▶ **Problem requirements**: Everything from the line containing "da.webp da.webp" through the last line of the data below is to be retyped exactly, apart from the pictures.

▶ **Records for this exercise**:
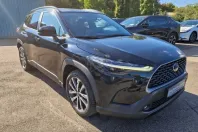 Toyota Corolla Cross din 2023 cu 48.887 km - oferta TOY172758 - foto 7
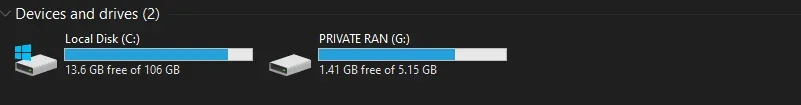 da.webp da.webp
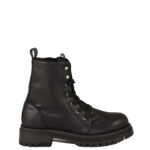 Stivali MARELLA Nero - Foto 1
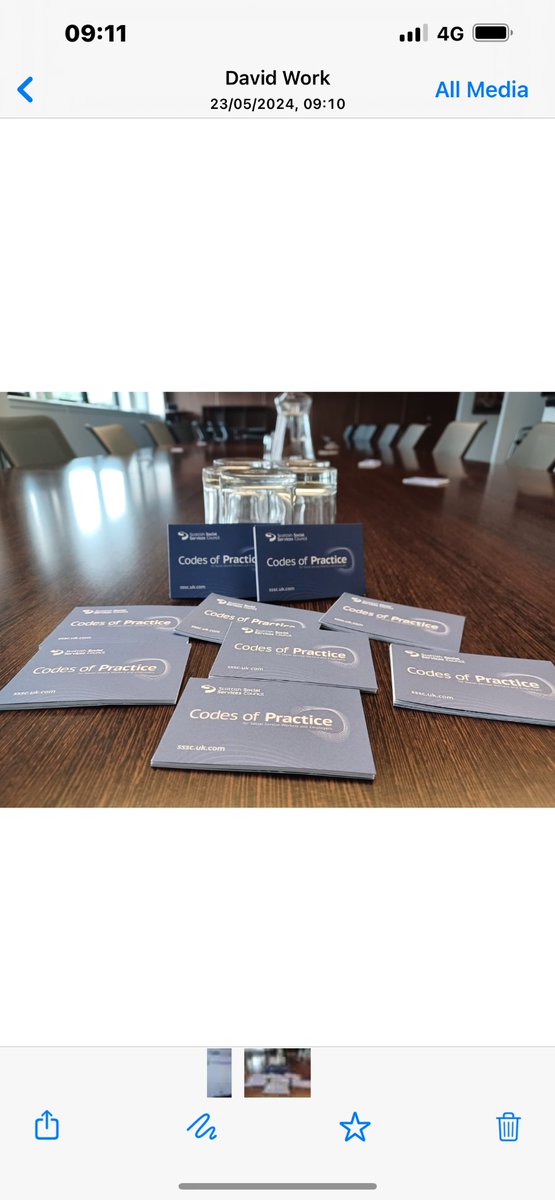 North Ayrshire HSCP-L&D tweet media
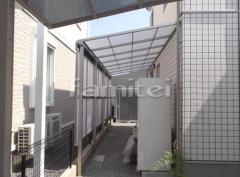 �ƥ饹���� ���󥯥ƥ饹�Ʒ�1��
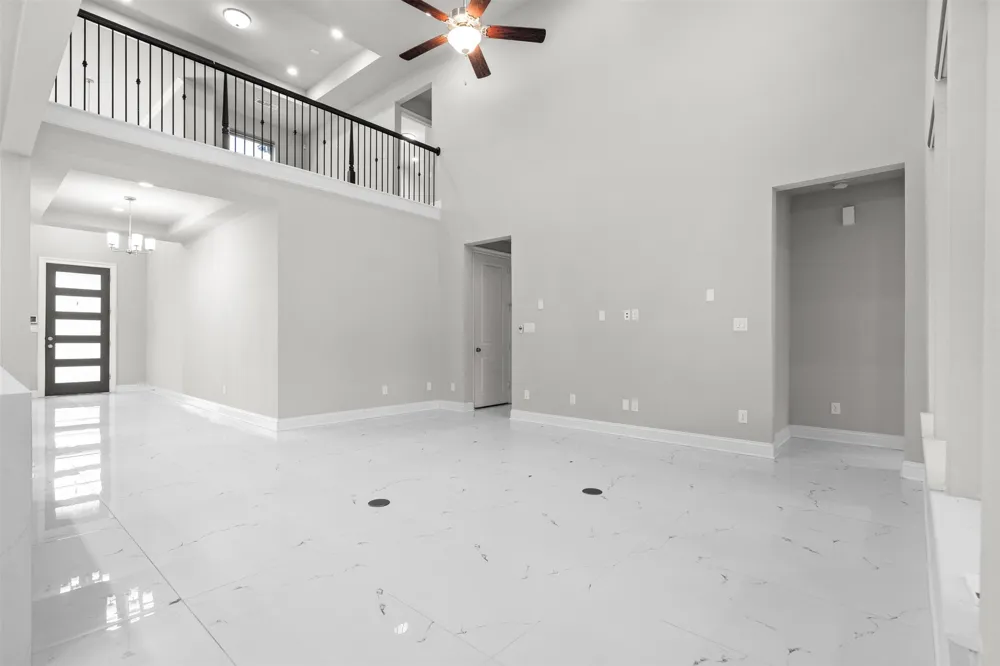 4505 Fall Meadow Drive Prosper, TX 75078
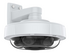 AXIS P37 Series P3738-PLE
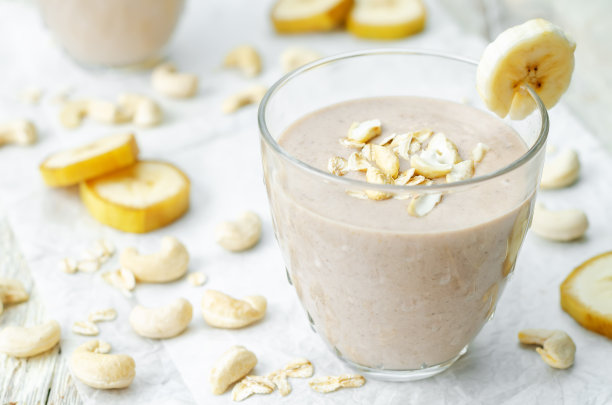 lassi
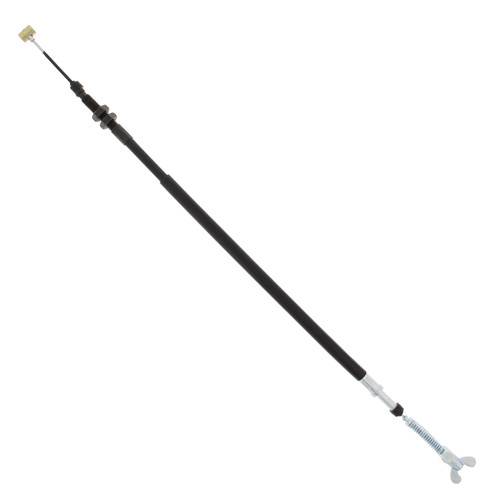 Rear Brake Cable 45-4023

▶ **Task output**:
 da.webp da.webp
 Stivali MARELLA Nero - Foto 1
 North Ayrshire HSCP-L&D tweet media
 �ƥ饹���� ���󥯥ƥ饹�Ʒ�1��
 4505 Fall Meadow Drive Prosper, TX 75078
 AXIS P37 Series P3738-PLE
 lassi
 Rear Brake Cable 45-4023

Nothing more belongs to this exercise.